August 6, 2014.
Securities and Exchange Commission (“Commission”).
Temporary order and notice of application for a permanent order under section 9(c) of the Investment Company Act of 1940 (“Act”).
Summary of Application:
Applicants have received a temporary order exempting them from section 9(a) of the Act, with respect to an injunction entered against Citigroup Global Markets Inc. (“CGMI”) on August 5, 2014 by the United States District Court for the Southern District of New York (“Injunction”), until the Commission takes final action on an application for a permanent order. Applicants also have applied for a permanent order.
CGMI, CEFOF GP I Corp. (“CEFOF”), CELFOF GP Corp. (“CELFOF”), Citibank, N.A. (“Citibank”), Citigroup Alternative Investments LLC (“Citigroup Alternative”), Citigroup Capital Partners I GP I Corp. (“CCP I”), Citigroup Capital Partners I GP II Corp. (“CCP II”), Citigroup Private Equity (Offshore) LLC (“CPE (Offshore)”), Citigroup First Investment Management Americas LLC (“CFIMA,” and along with CGMI, CEFOF, CELFOF, Citibank, Citigroup Alternative, CCP I, CCP II, and CPE (Offshore), the “Applicants”).
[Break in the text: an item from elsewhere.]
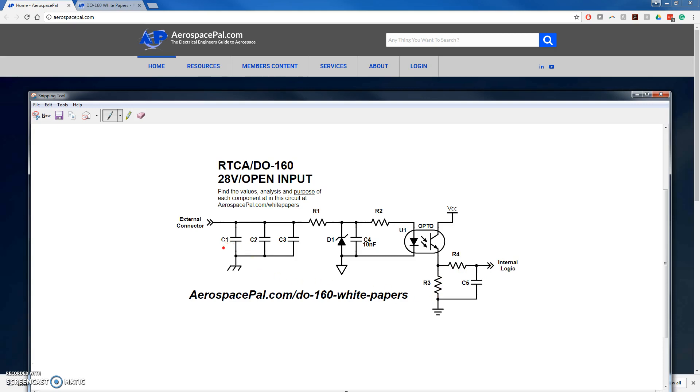Starting from the left side, C1, C2, and C3 are different value capacitors that filter noise during radiated and conducted susceptibility. The key here is to get the noise out of the box and out of the connector as soon as possible.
Filing Date: The application was filed on October 20, 2011 and amended on August 5, 2014.
Hearing or Notification of Hearing:
An order granting the application will be issued unless the Commission orders a hearing. Interested persons may request a hearing by writing to the Commission's Secretary and serving Applicants with a copy of the request, personally or by mail. Hearing requests should be received by the Commission by 5:30 p.m. on September 2, 2014, and should be accompanied by proof of service on Applicants, in the form of an affidavit, or for lawyers, a certificate of service. Hearing requests should state the nature of the writer's interest, the reason for the request, and the issues contested. Persons who wish to be notified of a hearing may request notification by writing to the Commission's Secretary.
Secretary, U.S. Securities and Exchange Commission, 100 F Street NE., Washington, DC 20549-1090; Applicants: CGMI, CEFOF, CELFOF, CCP I, CCP II, CPE (Offshore), CFIMA, 388 Greenwich Street, New York, NY 10013; Citibank, Citigroup Alternative, 399 Park Avenue, New York, NY 10043.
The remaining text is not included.